4: Getting Ready for Electric Vehicles
In 2020, we have seen a growing interest among utilities and regulators to capitalize on the array of benefits stemming from transportation electrification. Specifically, an increasing number of PUCs have been considering efforts to spur investments in, and deployment of, electric vehicle (EV) charging infrastructure, with a number of them recently moving forward with so-called “make ready” programs. The make-ready infrastructure model can take several forms, but typically involves utilities offering an incentive for third-party companies to install charging stations while the utility takes care of any infrastructure work required on the utility side of the customer meter.
In July, the New York Public Service Commission (PSC) issued a blockbuster of an order establishing a $701 million statewide make-ready program. While there have been a number of high-profile approvals of utility EV infrastructure investments in the past, this is the largest program authorized by a commission in the United States outside of California, and it has the potential to stimulate millions of dollars in private investment in EV charging infrastructure.
In February, the Maine Public Utilities Commission approved portions of several proposed EV pilots by Central Maine Power, including $240,000 in make-ready investments supporting 60 Level 2 stations and modified rates to help reduce the operating costs for DCFC station hosts. This decision points to an increasing focus on transportation electrification throughout the state and the engagement of utilities in decarbonization efforts.
In March, the State Corporation Commission of Virginia approved all of the EV-related items in Dominion Energy Virginia's Grid Transportation Plan 1B, representing $28 billion in investment. One of the approved program components provides rebates for make-ready infrastructure.
In July, the California Public Utilities Commission issued a proposed decision on Southern California Edison’s (SCE) $443 Million Charge Ready 2 Infrastructure and Market Education program. This proposed decision approves $443 million in funding across three areas, including make-ready infrastructure expansion, an own-and-operate component, and a new construction rebate. The make-ready expansion will install infrastructure for multi-unit dwellings (MUDs), workplaces, destination centers, and fleets to serve approximately 22,000 charging ports in SCE’s service territory.
Other states, including Connecticut, Michigan, and California are currently considering make-ready investments.
5: PUCs Put Self-Scheduling Under a Microscope
Over the past few years, the practice of “self-scheduling” coal plants - i.e., running them even when they are not the cheapest resource available for customers - has garnered increased attention, especially in the MISO and SPP markets. In the first half of 2020, several state Commissions have begun to more closely review how their utilities engage in this practice.

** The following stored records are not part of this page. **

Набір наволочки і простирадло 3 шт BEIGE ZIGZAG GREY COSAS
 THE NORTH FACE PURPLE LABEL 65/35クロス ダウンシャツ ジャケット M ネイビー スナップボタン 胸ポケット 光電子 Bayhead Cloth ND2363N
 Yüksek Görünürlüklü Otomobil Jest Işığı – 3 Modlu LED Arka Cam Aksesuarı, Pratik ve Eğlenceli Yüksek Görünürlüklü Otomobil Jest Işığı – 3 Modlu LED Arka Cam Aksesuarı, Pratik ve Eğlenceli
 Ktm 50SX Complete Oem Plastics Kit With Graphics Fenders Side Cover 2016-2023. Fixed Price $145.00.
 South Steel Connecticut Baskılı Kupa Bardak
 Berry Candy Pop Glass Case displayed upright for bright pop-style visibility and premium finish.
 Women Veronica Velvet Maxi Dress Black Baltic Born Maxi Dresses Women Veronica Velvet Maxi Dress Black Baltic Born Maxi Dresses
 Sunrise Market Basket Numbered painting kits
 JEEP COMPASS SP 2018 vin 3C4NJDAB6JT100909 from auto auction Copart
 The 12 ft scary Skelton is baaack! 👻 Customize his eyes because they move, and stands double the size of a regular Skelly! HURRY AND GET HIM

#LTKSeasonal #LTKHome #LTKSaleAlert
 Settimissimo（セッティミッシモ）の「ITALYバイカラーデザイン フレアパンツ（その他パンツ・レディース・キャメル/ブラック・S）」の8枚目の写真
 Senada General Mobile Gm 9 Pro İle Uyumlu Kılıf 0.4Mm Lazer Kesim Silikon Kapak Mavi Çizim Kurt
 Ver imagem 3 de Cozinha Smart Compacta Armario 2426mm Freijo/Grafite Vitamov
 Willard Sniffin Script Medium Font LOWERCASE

Self-scheduling refers to wholesale market rules that allow market participants to choose to operate a resource (such as a power plant) regardless of market clearing prices. Under these rules, a market participant may designate that its resource “must run” even if the market price it will receive is below its cost of operation. This practice can be used as a reliability mechanism to ensure that there is enough generation available to meet energy needs in periods of high demand, or as a mechanism for resources like energy storage to manage their unique operations (e.g., state of charge). However, in states where vertically integrated utilities are able to receive full cost-recovery through bundled retail rates and fuel cost adjustments, many utilities have taken advantage of self-scheduling rules to run their uneconomic coal units in the absence of reliability needs and then charge captive ratepayers for the difference between the clearing price in the energy market and the actual cost of running the plant. Across these regions, ratepayers are on the hook for billions of dollars for keeping uneconomic coal resources online, which harms consumers and prevents resources like wind, solar, storage, and demand-side management from entering the market.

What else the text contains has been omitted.